Data entries

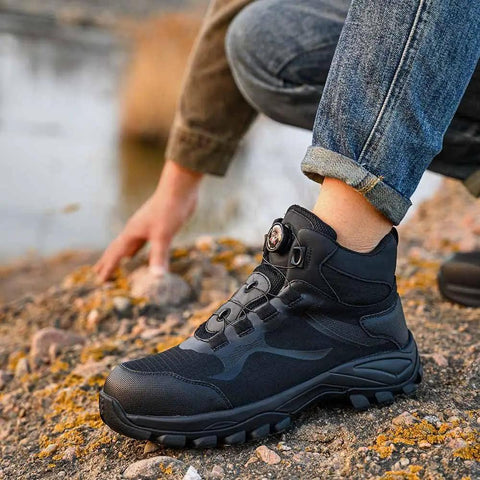 Titan Black Steel Toe Work Boots With Kevlar Puncture Proof Midsole And Cushioned Insoles For All Day Comfort, Safety, And Style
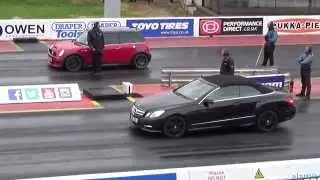 MINI COOPER S vs Mercedes E350 convertible 1/4 Mile Drag Race
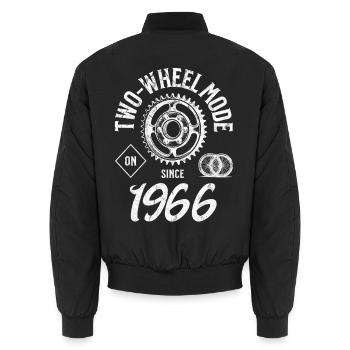 Motorradfahrer & Radfahrer 1966 Geburtstag Idee  - Unisex Bomberjacke - Schwarz - Hinten - AI Model Male 185 light (185cm)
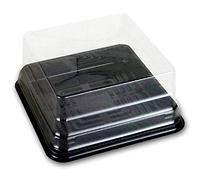 XIZHI Lot de 50 mini boîtes à gâteaux en plastique transparent de 2 cm 100 g noir.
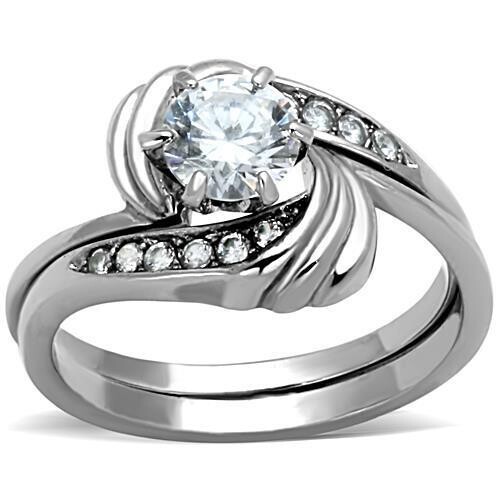 TK1429 - High polished (no plating) Stainless Steel Ring with AAA Grade CZ  in Clear
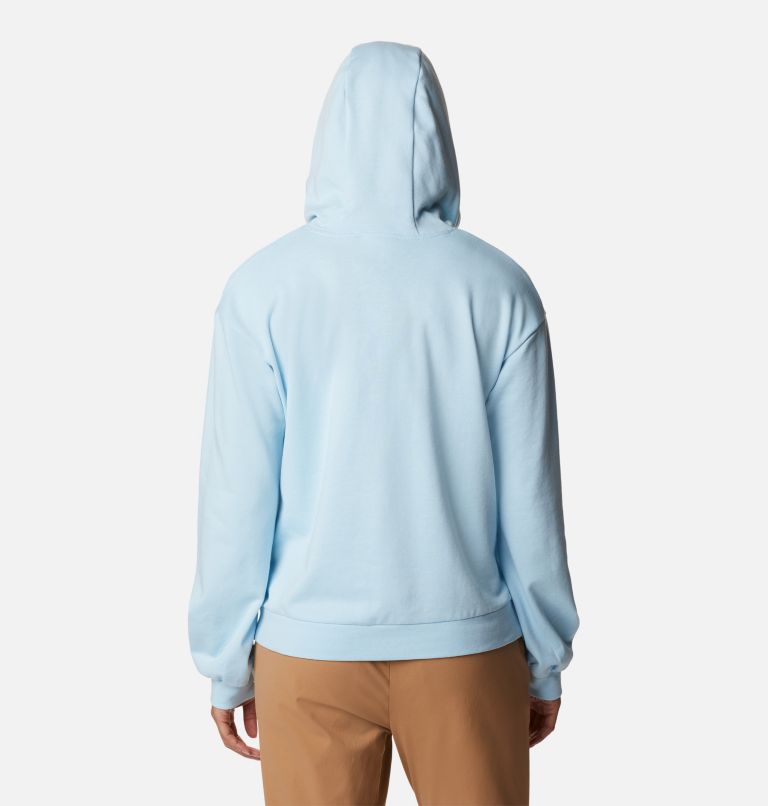 Thumbnail: Women's Columbia Logo III French Terry Cropped Hoodie, Color: Spring Blue, Atoll Logo, image 2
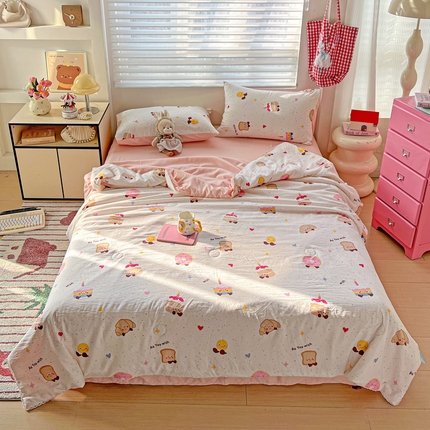 妖妖家纺 2025新款超柔双层纱糯糯针织棉夏凉被四件套 俏皮可颂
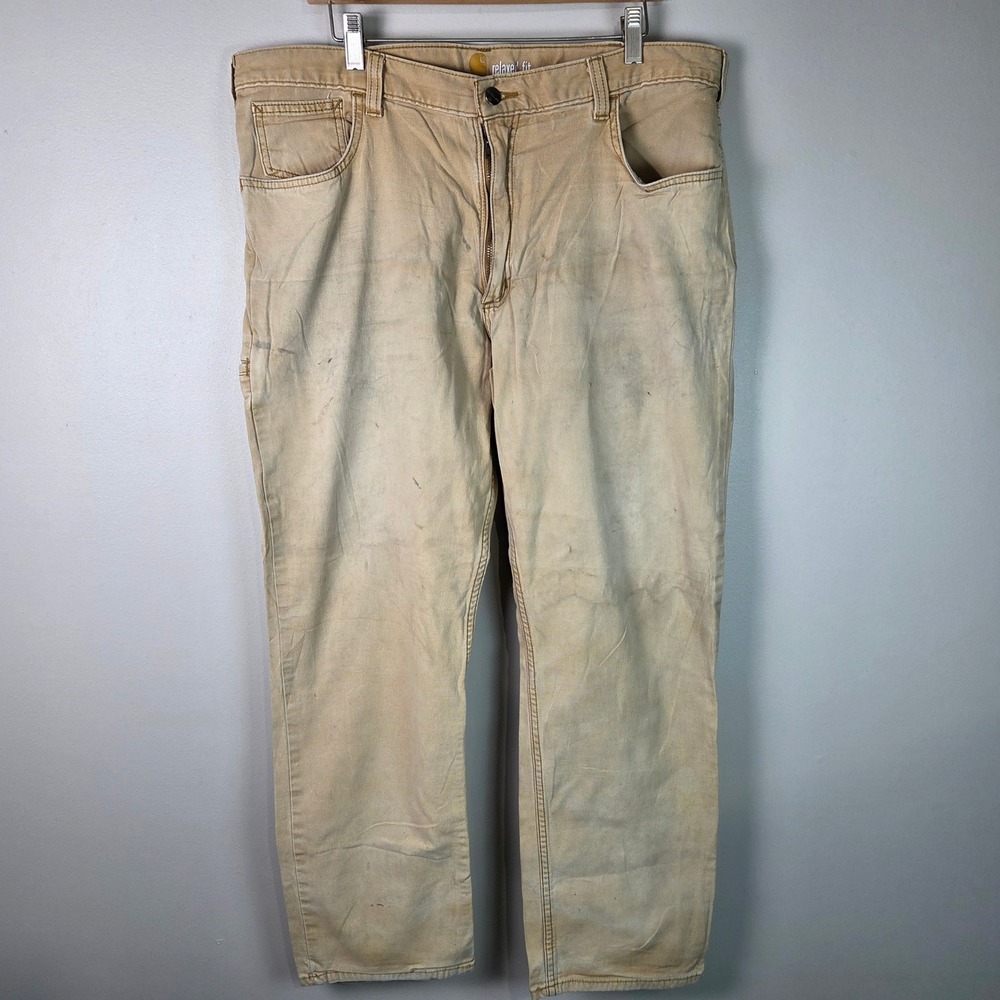 Carhartt Relaxed Fit Pants Mens 38x32 Tan Fair Canvas Rugged Workwear 102517-918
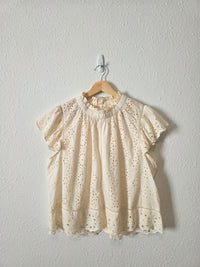 Cream Button Back Eyelet Top (L)
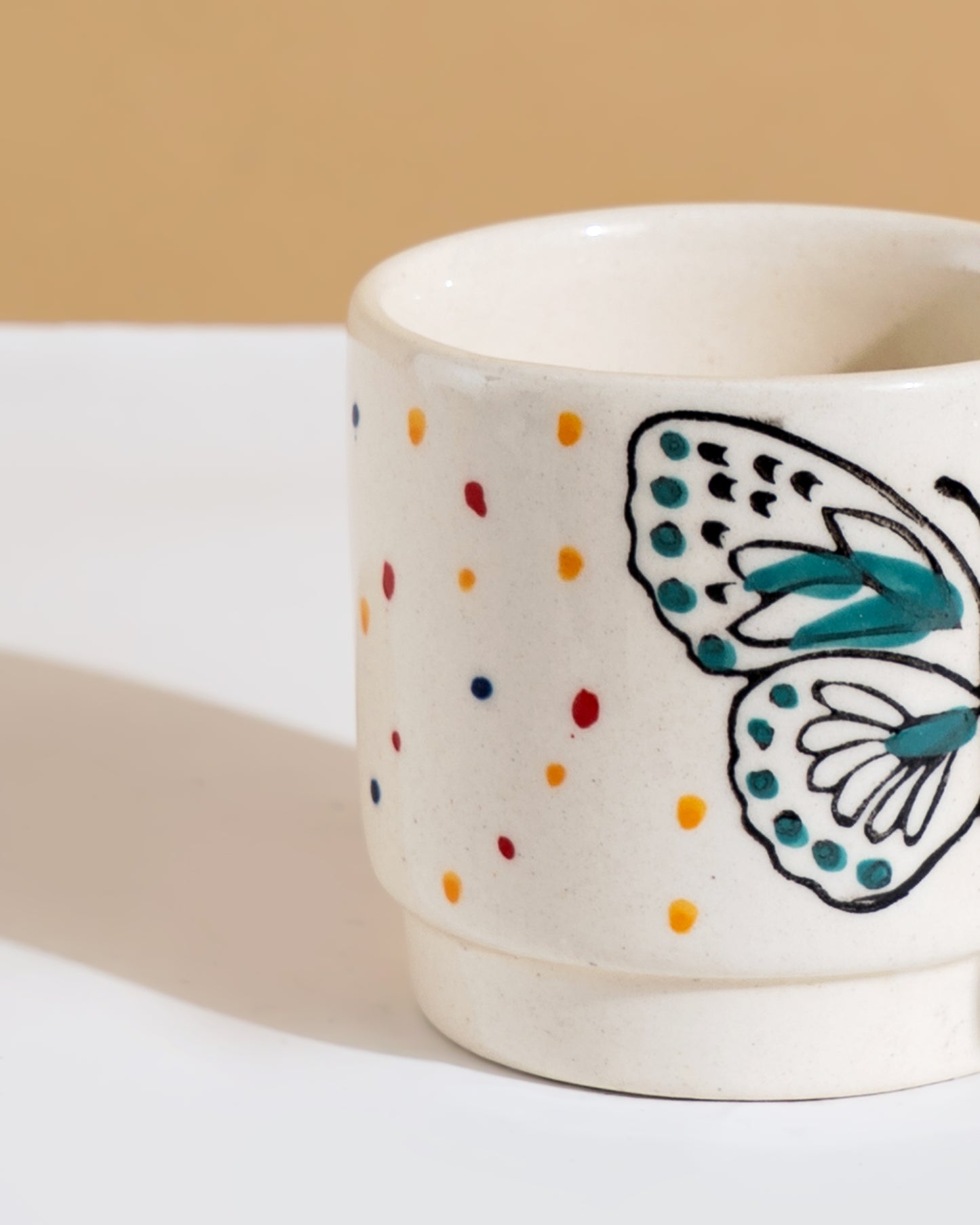 Butterfly Handle Ceramic Mug – Set of 2 - RVMUG46
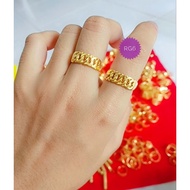 24k gold plated chain ring + 24k gold plated crystal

What the task asks: Copy the entries exactly. Leave the pictures out.

Answer area:
 Titan Black Steel Toe Work Boots With Kevlar Puncture Proof Midsole And Cushioned Insoles For All Day Comfort, Safety, And Style
 MINI COOPER S vs Mercedes E350 convertible 1/4 Mile Drag Race
 Motorradfahrer & Radfahrer 1966 Geburtstag Idee  - Unisex Bomberjacke - Schwarz - Hinten - AI Model Male 185 light (185cm)
 XIZHI Lot de 50 mini boîtes à gâteaux en plastique transparent de 2 cm 100 g noir.
 TK1429 - High polished (no plating) Stainless Steel Ring with AAA Grade CZ  in Clear
 Thumbnail: Women's Columbia Logo III French Terry Cropped Hoodie, Color: Spring Blue, Atoll Logo, image 2
 妖妖家纺 2025新款超柔双层纱糯糯针织棉夏凉被四件套 俏皮可颂
 Carhartt Relaxed Fit Pants Mens 38x32 Tan Fair Canvas Rugged Workwear 102517-918
 Cream Button Back Eyelet Top (L)
 Butterfly Handle Ceramic Mug – Set of 2 - RVMUG46
 24k gold plated chain ring + 24k gold plated crystal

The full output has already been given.